In our time, nanotechnologist Wang Miao learns that the world’s most eminent scientists have been committing suicide, leaving behind cryptic and discouraging notes like “Physics has never existed, and will never exist.” Investigating, Wang discovers that the suicides were triggered by anomalous results of advanced experiments, results that bring into question fundamental laws of nature. Then Wang himself begins to experience alarming, inexplicable phenomena.
While all this is going on, Wang happens across a computer game called Three Body. He logs on—and in so doing initiates the novel’s second narrative: his avatar’s adventures in the bizarre, decidedly nonterrestrial world of the game. For a while this parallel story seems unrelated to Wang’s investigations in the real world, but the two are deeply related—and that relationship is the core of Liu’s audacious premise.
First published in China in 2006, The Three-Body Problem was an unprecedented success, as were its two successors: each sold over five hundred thousand copies, far beyond the sales of any modern Chinese SF novel since the genre appeared late in the Qing dynasty. It won a host of major awards and made Cixin Liu the authorial equivalent of a rock star. (It has its own website, 3body.net, a URL with ominous overtones for readers of the novel.)
In this country, Ken Liu’s masterful translation has been nominated for three major prizes: the Hugo, Nebula, and John W. Campbell Memorial awards, each given to the best SF novel of the year. That would be a major accomplishment for any novel; for a novel in translation by a writer very few English-speaking readers are likely to have heard of, it is phenomenal.
Interested readers, however, should know what they are getting into. First, The Three-Body Problem is the initial novel in a trilogy, cheerily entitled Remembrance of Earth’s Past. No problem. Its ending is thoroughly satisfying, even as it leaves us eager for the next volume, The Dark Forest.

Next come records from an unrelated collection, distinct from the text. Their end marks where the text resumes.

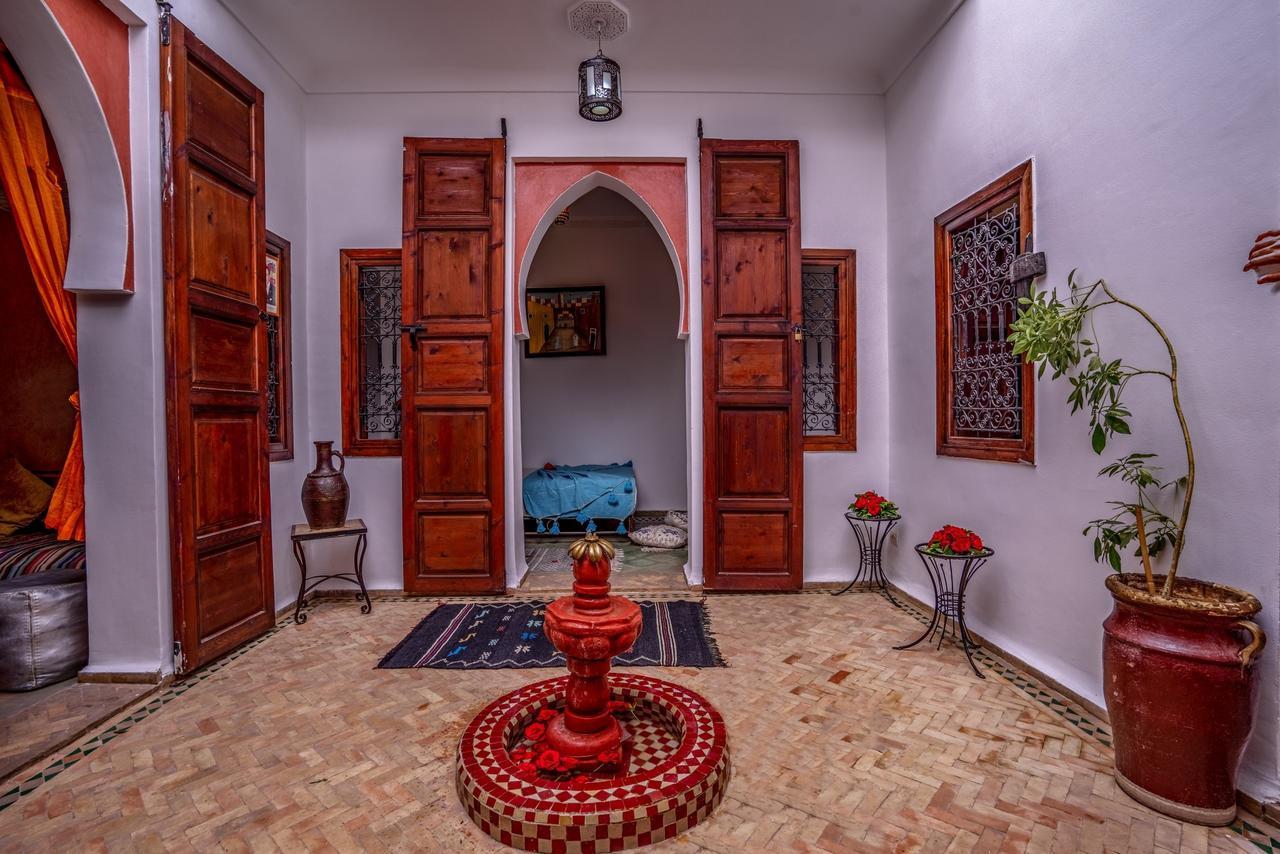 Riad Alkarim Mamoun Marrakesh Bagian luar foto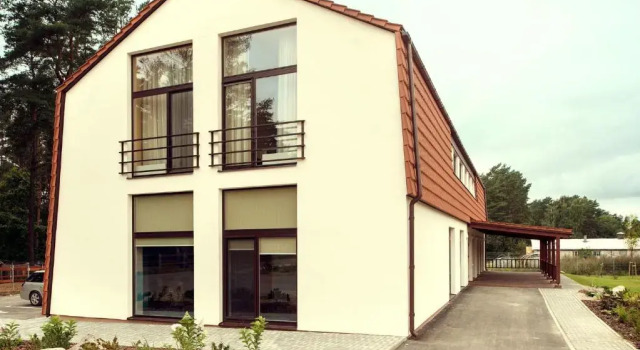 Kamanos, Rezervovat Hotel Hotely v Utena s parkováním, Parkování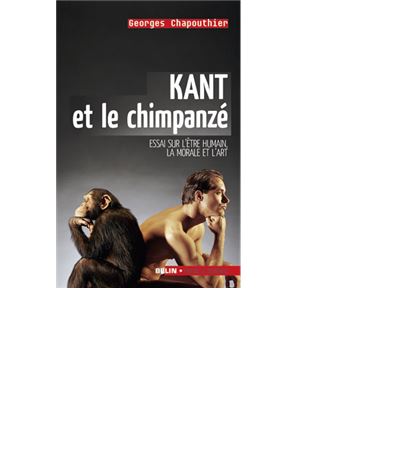 Kant et le chimpanzé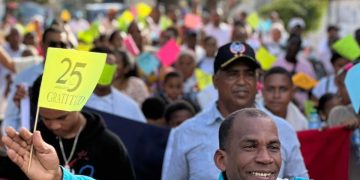 AMIECY celebra Marcha–Concentración “Gratitud” en Jaquimeyes por su 25 aniversario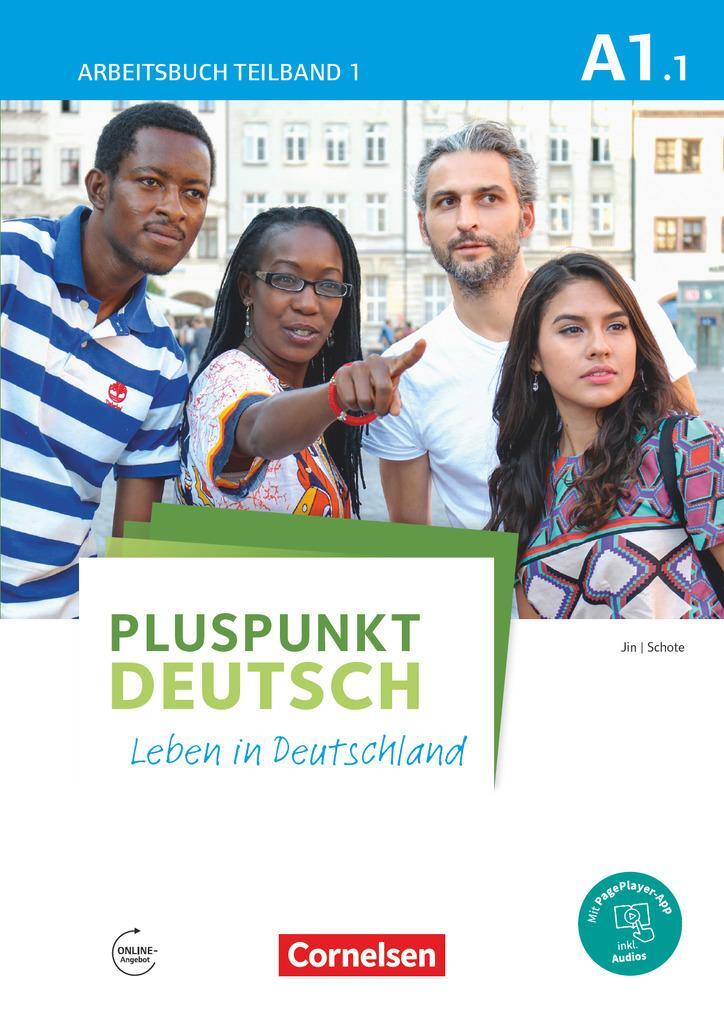 Cover: 9783061205645 | Pluspunkt Deutsch - Leben in Deutschland A1: Teilband 1....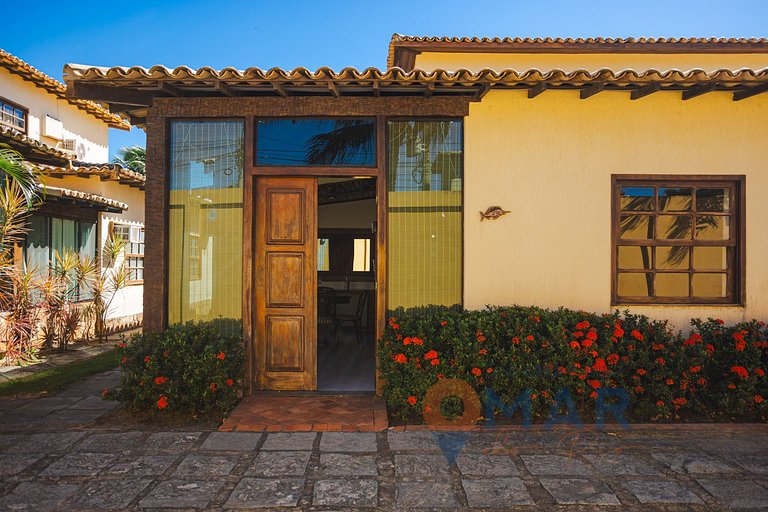 Beach House with Swimming Pool and Garage in Búzios | VG 05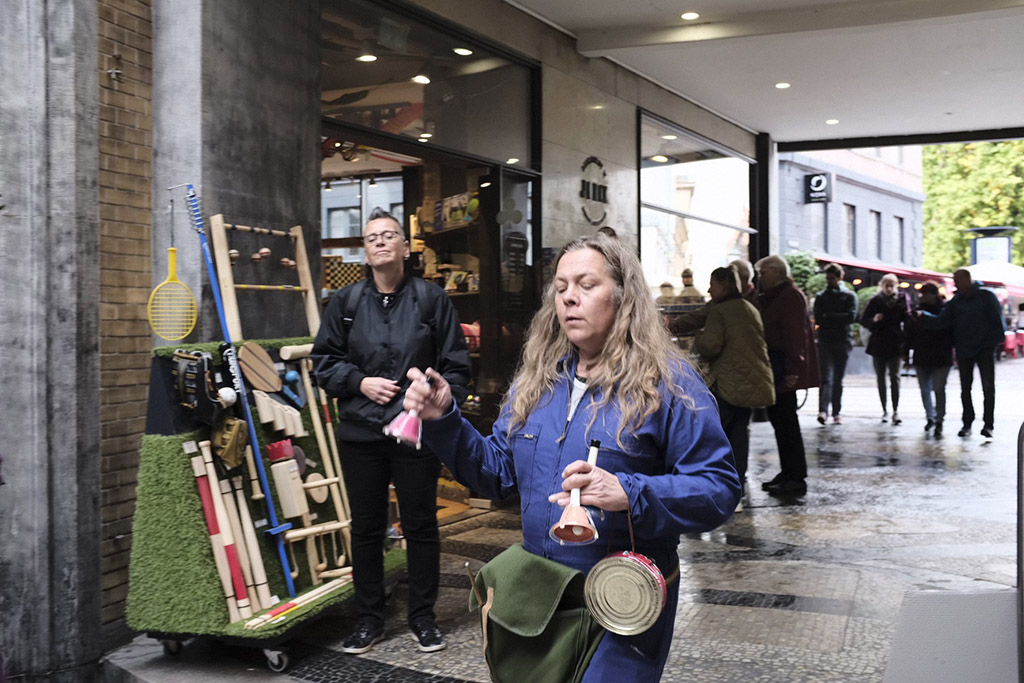 Birgitte Lyregaard Vækker Genklang Metropolis København 2022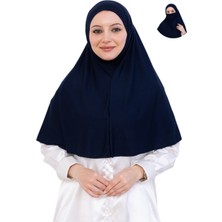 Modish Group Hazır Başörtüsü Pratik Islami Giyim Penye Peçeli Türban Namaz Için Yumuşak Eşarp
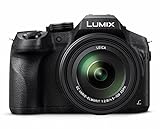 Panasonic LUMIX DMC-FZ300EGK Premium-Bridgekamera (12 Megapixel, 24x opt. Zoom, LEICA DC Weitwinkel-Objektiv, 4K Foto/Video,Staub-/Spritzwasserschutz) schwarz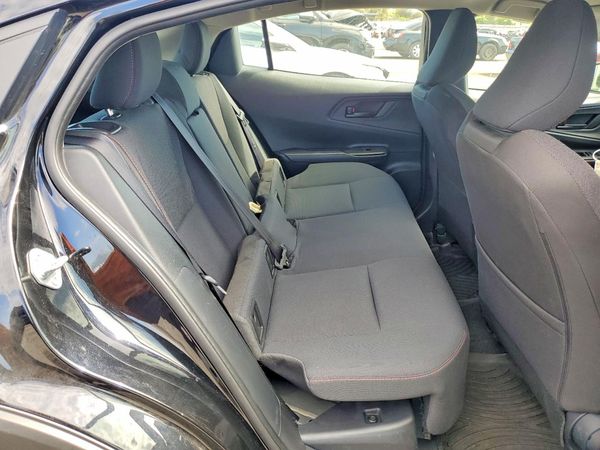 2025 TOYOTA PRIUS — PSRS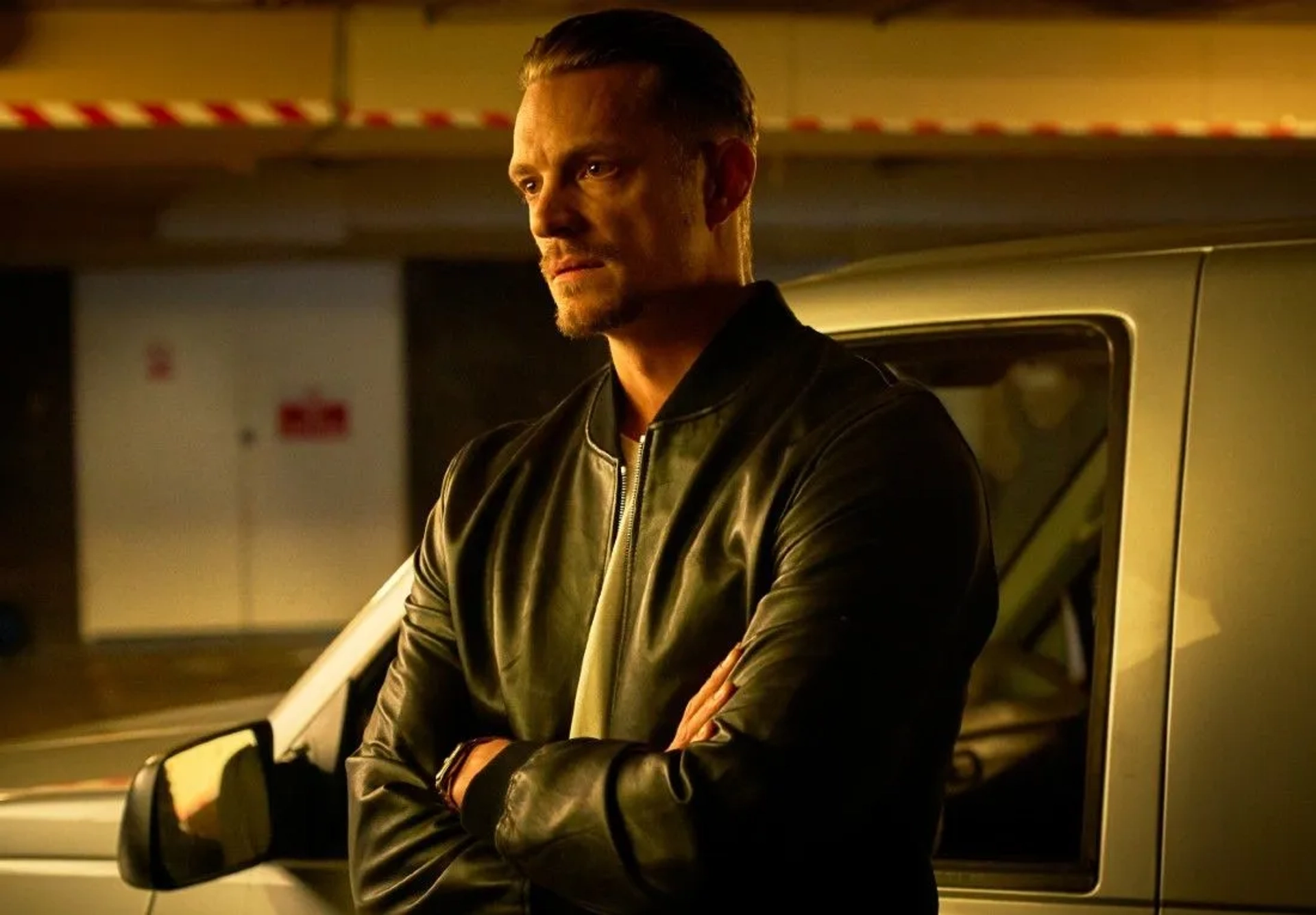 Joel Kinnaman in The Informer (2019)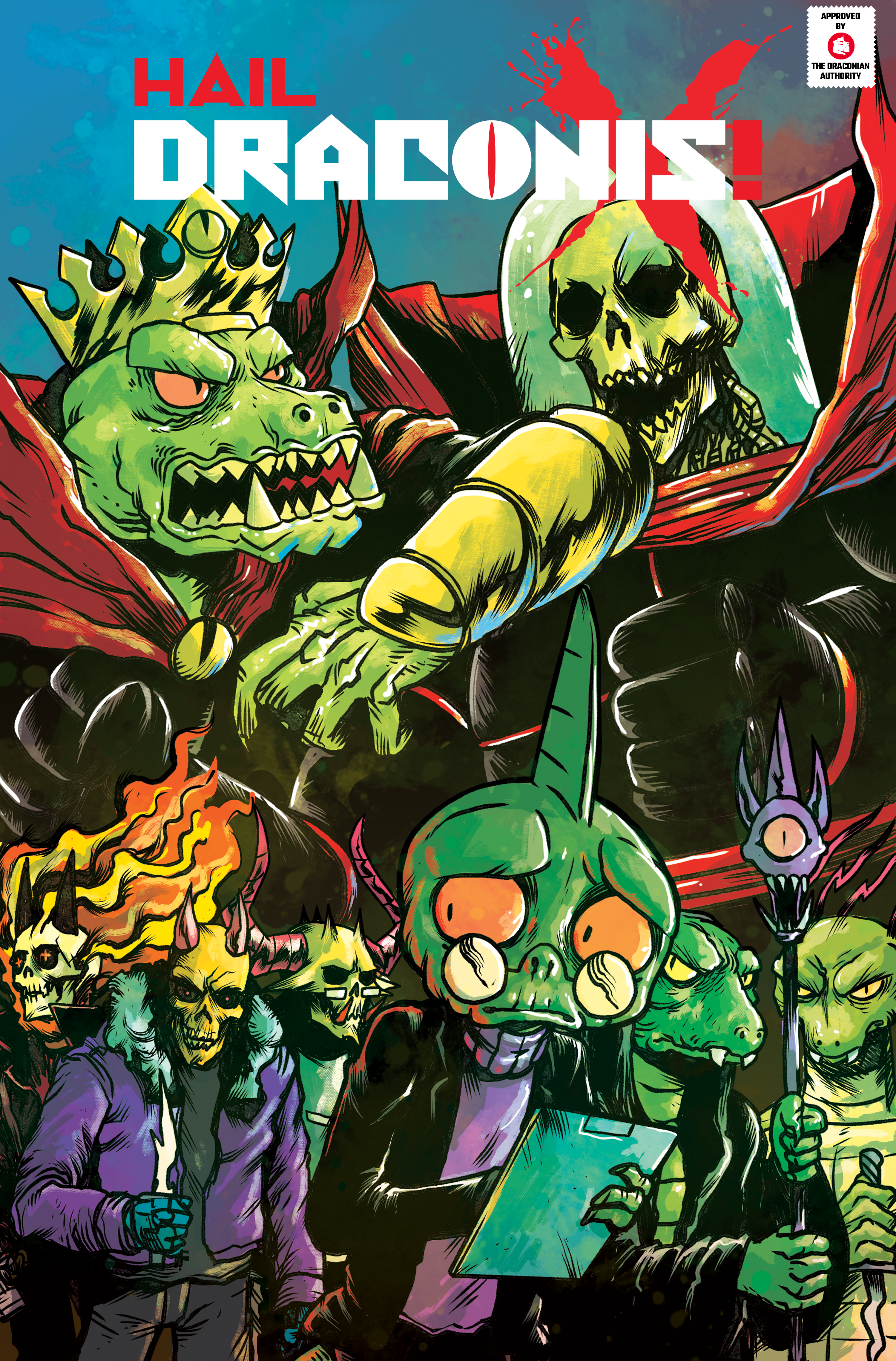 Hail Draconis ALPHA - RARE VARIANT COVER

Second, it is a science-fictional novel of ideas, somewhat in the tradition of mid-twentieth-century American SF. Readers seeking subtle portrayals and development of multidimensional characters should look elsewhere, as should those averse to brief expositions of ideas in contemporary physics. What The Three-Body Problem offers instead are audacious, mind-expanding extrapolations of known science, fascinating fictional commentary on the interplay of science and politics in present-day China, and storytelling on a grand, wildly ambitious scale. Such stories, if done as well as this one, can evoke a response all but unique to the genre: an awe at nature and the universe SF readers call a “sense of wonder.”